Crawled caption data

------

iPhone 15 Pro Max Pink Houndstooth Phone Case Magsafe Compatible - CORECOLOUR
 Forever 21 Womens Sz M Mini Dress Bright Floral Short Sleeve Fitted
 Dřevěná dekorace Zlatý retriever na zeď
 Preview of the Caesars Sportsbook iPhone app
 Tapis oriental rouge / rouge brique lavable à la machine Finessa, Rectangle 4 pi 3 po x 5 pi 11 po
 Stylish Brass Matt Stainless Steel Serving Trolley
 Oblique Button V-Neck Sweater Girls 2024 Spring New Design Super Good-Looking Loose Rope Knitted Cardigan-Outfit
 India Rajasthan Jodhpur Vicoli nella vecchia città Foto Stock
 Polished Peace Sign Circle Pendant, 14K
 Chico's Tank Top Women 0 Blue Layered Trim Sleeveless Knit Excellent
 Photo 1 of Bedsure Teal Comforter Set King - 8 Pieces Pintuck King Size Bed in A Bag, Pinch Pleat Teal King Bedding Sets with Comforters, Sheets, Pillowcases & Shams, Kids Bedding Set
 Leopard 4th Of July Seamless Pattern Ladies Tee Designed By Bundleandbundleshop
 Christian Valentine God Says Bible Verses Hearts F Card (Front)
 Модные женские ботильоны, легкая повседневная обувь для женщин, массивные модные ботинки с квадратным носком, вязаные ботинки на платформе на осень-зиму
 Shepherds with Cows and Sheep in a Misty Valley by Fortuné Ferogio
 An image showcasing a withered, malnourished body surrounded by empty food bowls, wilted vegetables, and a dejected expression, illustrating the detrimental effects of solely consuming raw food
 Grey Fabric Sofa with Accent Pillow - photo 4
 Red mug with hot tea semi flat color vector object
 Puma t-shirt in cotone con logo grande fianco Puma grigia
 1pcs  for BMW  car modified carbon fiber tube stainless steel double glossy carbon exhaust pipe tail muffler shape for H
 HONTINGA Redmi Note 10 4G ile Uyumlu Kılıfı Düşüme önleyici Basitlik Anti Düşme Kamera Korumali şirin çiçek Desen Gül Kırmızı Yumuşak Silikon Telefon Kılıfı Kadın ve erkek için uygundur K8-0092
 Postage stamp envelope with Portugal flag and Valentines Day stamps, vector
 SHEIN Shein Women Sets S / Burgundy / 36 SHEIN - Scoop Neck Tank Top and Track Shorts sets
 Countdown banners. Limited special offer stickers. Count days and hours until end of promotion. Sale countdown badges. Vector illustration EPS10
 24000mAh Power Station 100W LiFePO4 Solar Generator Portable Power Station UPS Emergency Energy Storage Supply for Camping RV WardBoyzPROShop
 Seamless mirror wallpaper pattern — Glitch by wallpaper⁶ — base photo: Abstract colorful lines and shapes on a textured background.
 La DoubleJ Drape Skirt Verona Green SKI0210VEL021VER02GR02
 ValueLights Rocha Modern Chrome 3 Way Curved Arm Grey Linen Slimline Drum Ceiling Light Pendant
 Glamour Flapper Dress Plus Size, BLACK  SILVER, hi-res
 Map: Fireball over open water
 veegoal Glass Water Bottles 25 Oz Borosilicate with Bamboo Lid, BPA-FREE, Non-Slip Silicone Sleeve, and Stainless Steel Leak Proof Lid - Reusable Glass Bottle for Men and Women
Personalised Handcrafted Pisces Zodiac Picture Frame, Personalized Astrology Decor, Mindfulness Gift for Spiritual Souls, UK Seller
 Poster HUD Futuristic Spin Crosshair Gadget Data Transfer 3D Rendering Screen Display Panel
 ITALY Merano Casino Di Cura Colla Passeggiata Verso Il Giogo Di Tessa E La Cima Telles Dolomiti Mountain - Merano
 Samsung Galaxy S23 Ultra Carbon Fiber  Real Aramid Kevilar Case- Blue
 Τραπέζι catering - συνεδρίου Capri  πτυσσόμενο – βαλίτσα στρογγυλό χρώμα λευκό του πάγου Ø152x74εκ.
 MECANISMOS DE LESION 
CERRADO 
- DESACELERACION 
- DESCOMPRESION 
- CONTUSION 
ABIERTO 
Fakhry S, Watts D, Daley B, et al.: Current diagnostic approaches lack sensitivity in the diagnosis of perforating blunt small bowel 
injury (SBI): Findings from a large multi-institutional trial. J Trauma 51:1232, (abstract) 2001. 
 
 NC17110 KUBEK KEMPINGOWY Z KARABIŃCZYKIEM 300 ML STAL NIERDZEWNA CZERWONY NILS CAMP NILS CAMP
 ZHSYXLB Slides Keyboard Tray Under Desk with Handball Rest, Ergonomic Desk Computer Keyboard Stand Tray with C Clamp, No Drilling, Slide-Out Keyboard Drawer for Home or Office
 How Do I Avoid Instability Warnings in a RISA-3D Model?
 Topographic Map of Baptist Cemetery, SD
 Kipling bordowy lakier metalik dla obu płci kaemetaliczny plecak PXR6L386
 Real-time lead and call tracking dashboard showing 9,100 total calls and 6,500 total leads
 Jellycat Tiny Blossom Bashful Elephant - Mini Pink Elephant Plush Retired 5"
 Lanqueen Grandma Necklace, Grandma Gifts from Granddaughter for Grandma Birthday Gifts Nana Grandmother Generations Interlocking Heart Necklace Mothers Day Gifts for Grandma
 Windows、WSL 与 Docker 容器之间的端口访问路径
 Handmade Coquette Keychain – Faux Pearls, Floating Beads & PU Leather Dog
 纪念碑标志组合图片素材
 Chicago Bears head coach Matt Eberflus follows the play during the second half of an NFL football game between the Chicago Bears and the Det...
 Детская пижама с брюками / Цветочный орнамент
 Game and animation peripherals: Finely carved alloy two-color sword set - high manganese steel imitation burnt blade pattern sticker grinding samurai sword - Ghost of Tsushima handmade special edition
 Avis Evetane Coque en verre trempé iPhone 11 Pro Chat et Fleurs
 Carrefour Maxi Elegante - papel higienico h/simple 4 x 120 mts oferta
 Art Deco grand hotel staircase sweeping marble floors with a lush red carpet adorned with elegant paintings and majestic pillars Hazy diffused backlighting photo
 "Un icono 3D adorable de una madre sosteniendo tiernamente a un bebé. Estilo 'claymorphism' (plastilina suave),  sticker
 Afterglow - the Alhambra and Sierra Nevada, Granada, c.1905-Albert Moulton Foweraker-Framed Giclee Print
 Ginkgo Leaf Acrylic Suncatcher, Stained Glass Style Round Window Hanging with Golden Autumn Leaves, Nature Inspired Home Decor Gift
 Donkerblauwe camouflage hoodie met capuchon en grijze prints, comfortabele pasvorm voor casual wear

------

Reproduce each line from the records that contains the word "Dress".

RESULT OF THIS TASK:
 Forever 21 Womens Sz M Mini Dress Bright Floral Short Sleeve Fitted
 Glamour Flapper Dress Plus Size, BLACK  SILVER, hi-res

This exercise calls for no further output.